_Work task_
Every picture stays out; everything else in the listing below is to be returned exactly.
*** Record set Section Begins ***
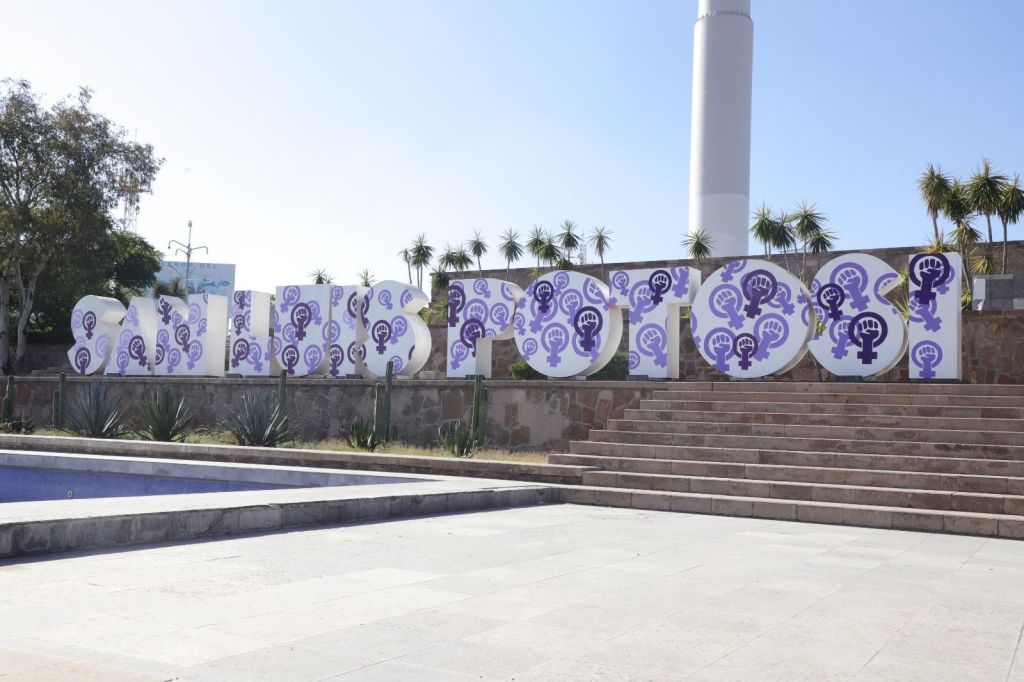 En noviembre, letras monumentales de San Luis Capital hacen tributo al&nbsp;25N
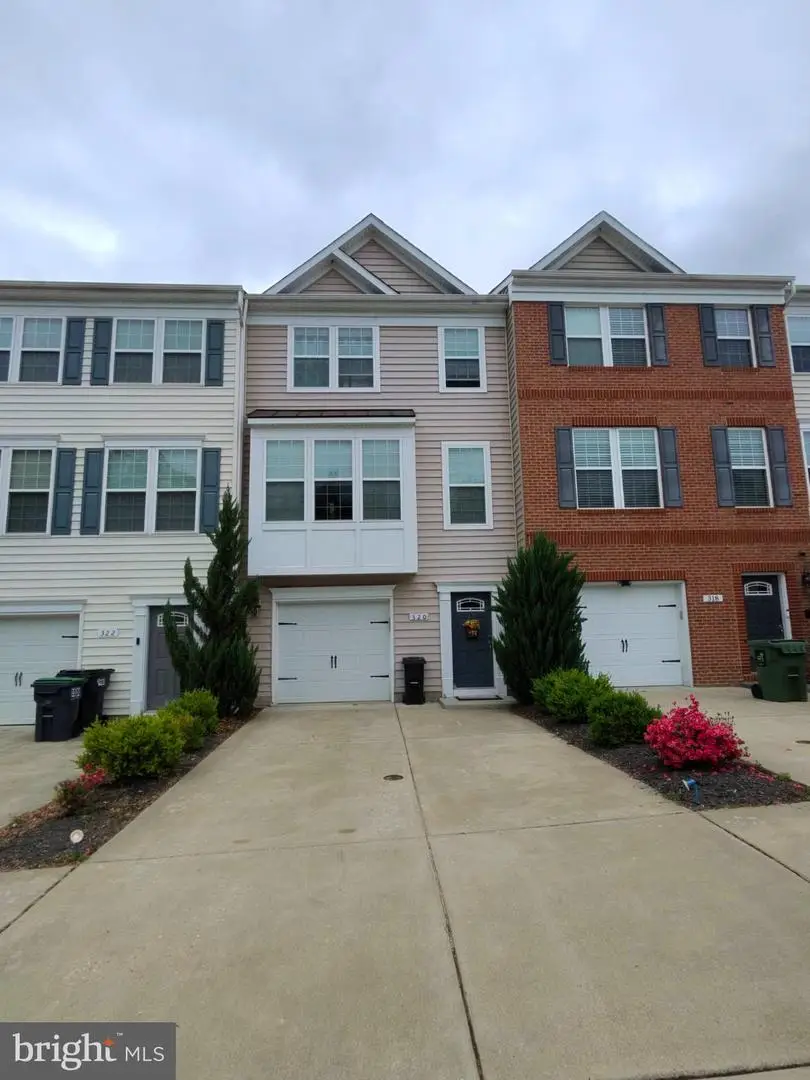 320 Tree Line Dr, Fredericksburg, VA 22405 - #1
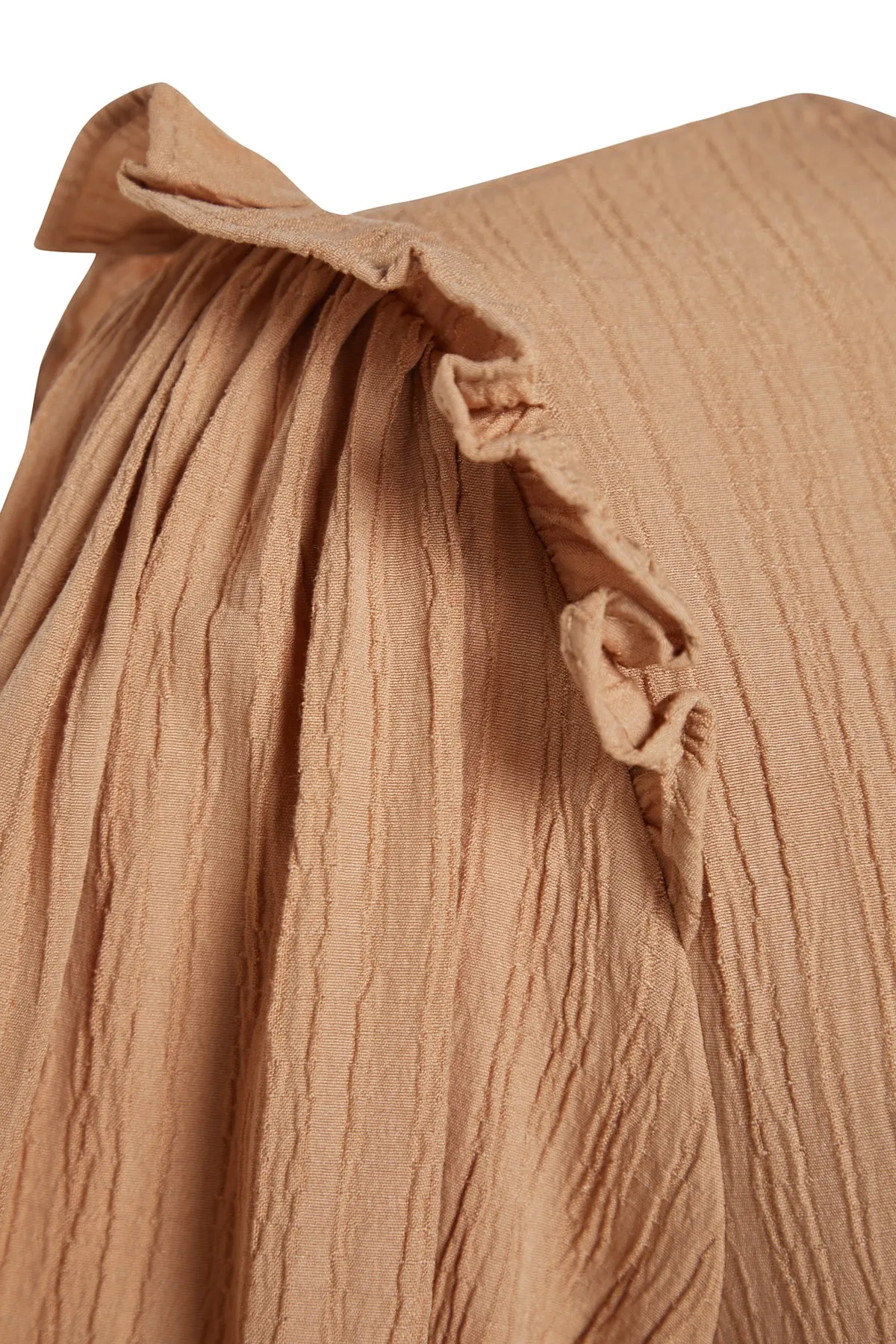 Trendyol Modest  Beiges Kleid aus Viskose-Mischgewebe mit Rüschenrock, Schultergurt und Volantfutter TCTSS23EB00290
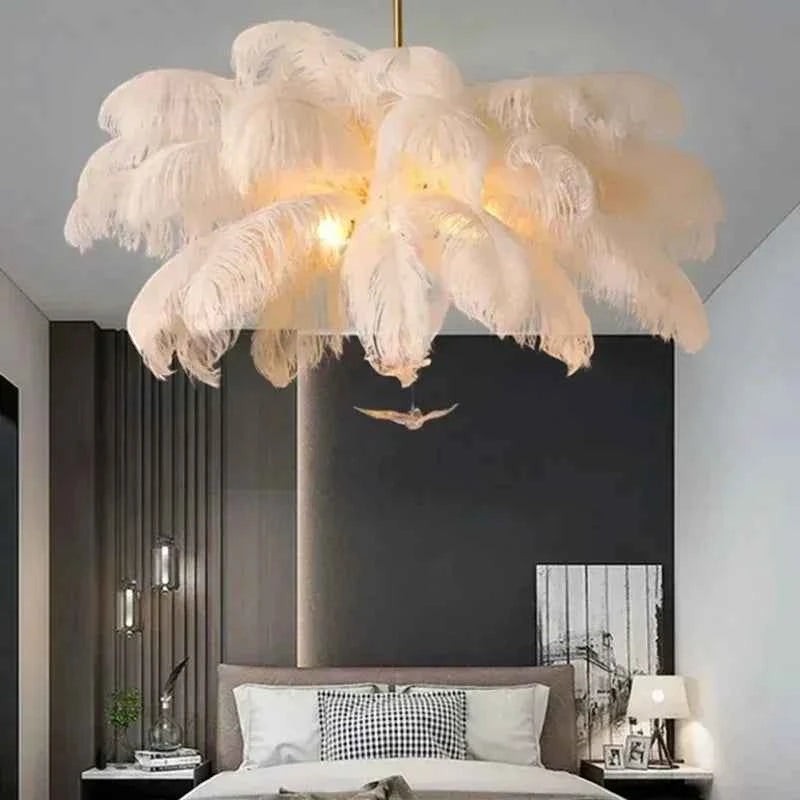 Lustre moderne Dimoree en plumes blanches suspendu au-dessus d'un lit dans une chambre élégante à l'éclairage chaleureux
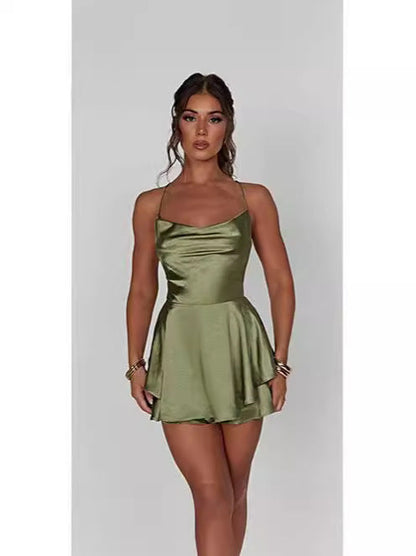 Mini-robe en satin élégante pour femme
*** Record set Section Ends ***
_Exercise response_
 En noviembre, letras monumentales de San Luis Capital hacen tributo al&nbsp;25N
 320 Tree Line Dr, Fredericksburg, VA 22405 - #1
 Trendyol Modest  Beiges Kleid aus Viskose-Mischgewebe mit Rüschenrock, Schultergurt und Volantfutter TCTSS23EB00290
 Lustre moderne Dimoree en plumes blanches suspendu au-dessus d'un lit dans une chambre élégante à l'éclairage chaleureux
 Mini-robe en satin élégante pour femme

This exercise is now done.